Ce changement d’annexe emporte deux conséquences majeures en matière de destruction. En effet, cela ouvre la possibilité de prélever des loups sans nécessairement démontrer l’épuisement d’autres solutions alternatives satisfaisantes au prélèvement ni le risque de dommages importants aux élevages. En revanche, l’article 14 de la DHFF dispose que les mesures de gestion mises en œuvre soient compatibles avec le maintien de l’espèce dans un état de conservation favorable.

II. Objectifs poursuivis

L’objectif du projet d’arrêté est de traduire au niveau national le reclassement du loup en définissant le nouveau cadre réglementaire applicable à cette espèce : il vise tant à définir le statut de protection du loup, qu’à préciser les conditions et les limites de sa destruction.

III. Contenu du projet d’arrêté

Le projet d’arrêté maintient le loup comme espèce protégée en reprenant une partie des dispositions de l’arrêté du 23 avril 2007. Un certain nombre de nouvelles dispositions visent à faciliter l’aspect procédural de la destruction des loups, excluant ces-dernières du champ des interdictions applicables aux espèces protégées, conformément aux assouplissements permis par le reclassement.

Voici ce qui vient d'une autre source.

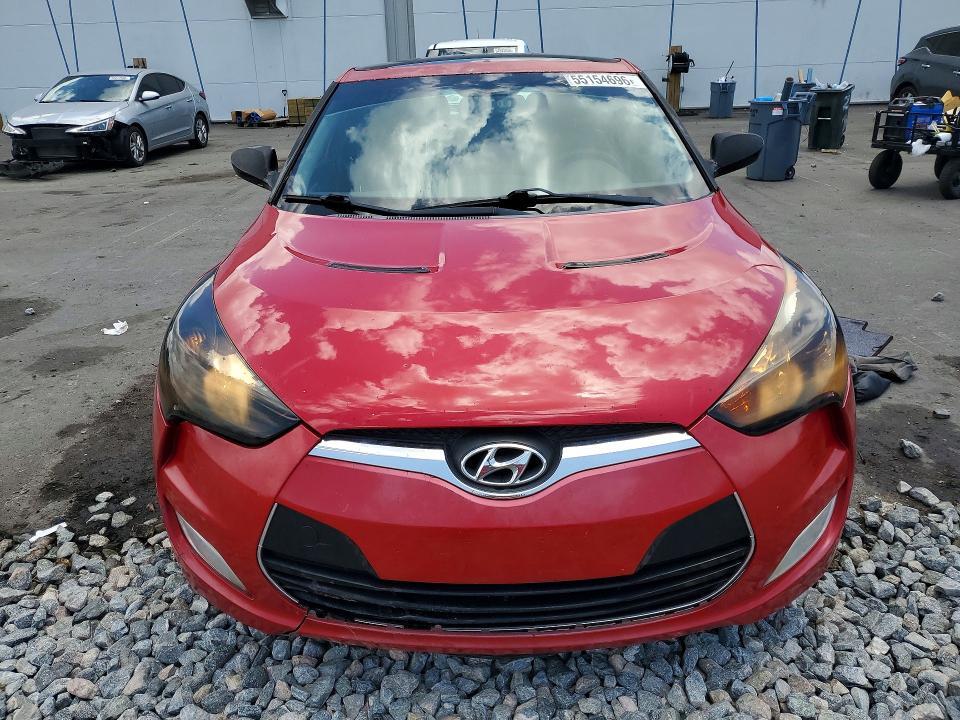 2013 Hyundai Veloster Base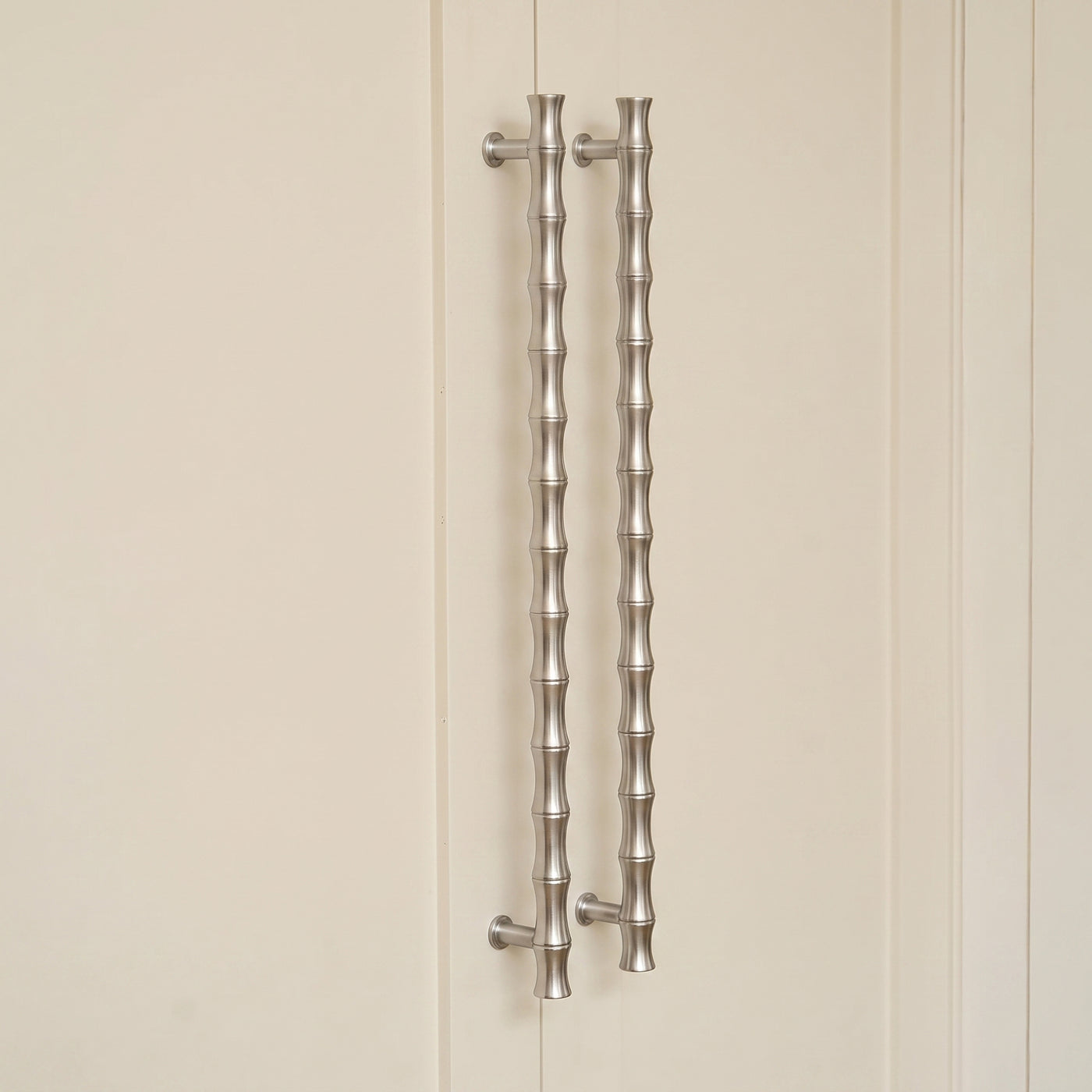 Grove Bamboo Apparathandtag — miljöbild, Satin nickel plate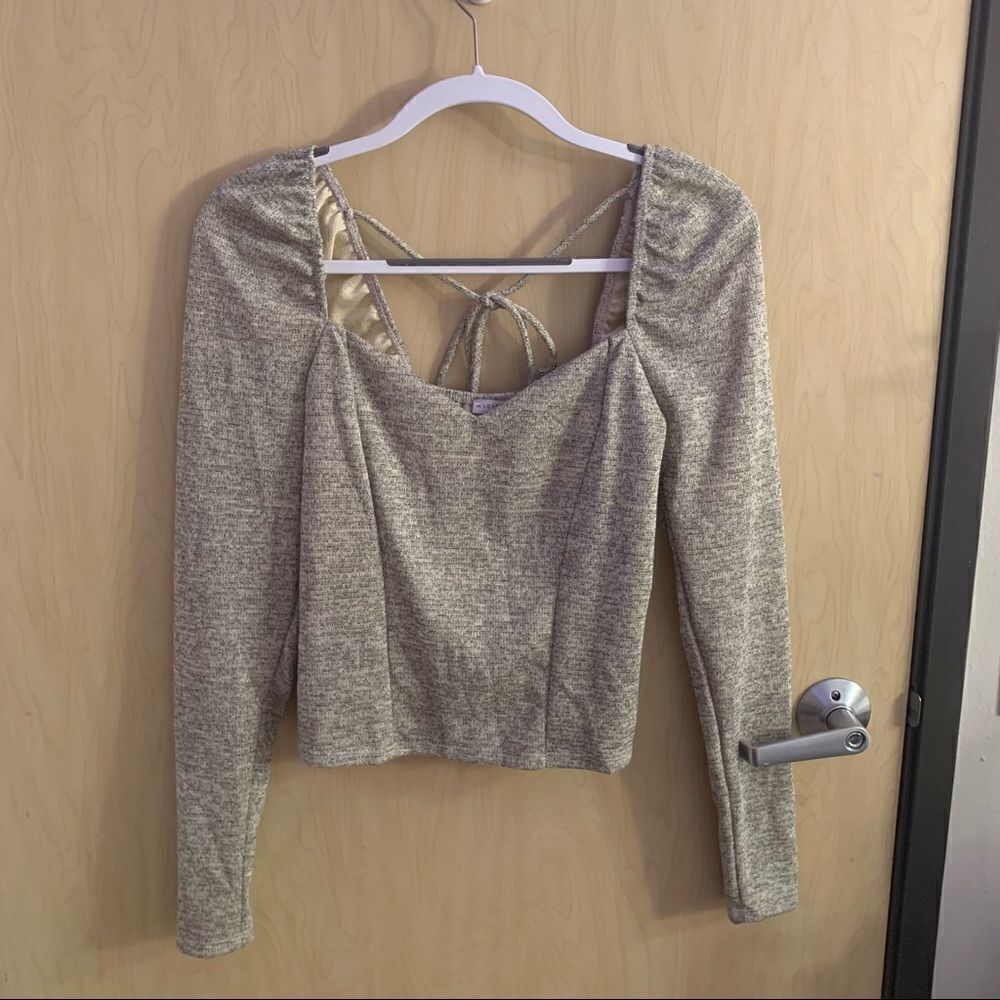 South moon under blouse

Néanmoins, toute destruction intentionnelle en dehors du cadre défini dans le projet d’arrêté demeurera considérée comme illégale et punie des peines actuellement encourues (3 ans d’emprisonnement et 150 000€ d’amende).

A) Procédure de tir : distinction des régimes selon le zonage caractérisant la pression de prédation (cercles 0 à 3), les types de troupeaux et l’existence de mesures de protection

Dès lors que le loup n’est plus considéré comme une espèce nécessitant une protection stricte en application de l’article 12 et de l’annexe IV de la DHFF, les mesures de destruction qui lui sont applicables peuvent ne plus nécessiter de dérogations au sens de l’article L.411-2, 4° du Code de l’environnement. Le projet d’arrêté dispose ainsi que des destructions de loups pourront se faire en l’absence d’autorisation individuelle, sur simple déclaration préalable auprès de la préfecture. Cette possibilité ne sera toutefois pas ouverte à l’ensemble des cercles (article 13) :
-  Cercles 0, 1, 2 : destruction possible sur déclaration ;
-  Cercle 3 : destruction possible sur autorisation individuelle à condition d’avoir mis en œuvre des tirs d’effarouchement et apporté des éléments permettant d’apprécier la pression de prédation.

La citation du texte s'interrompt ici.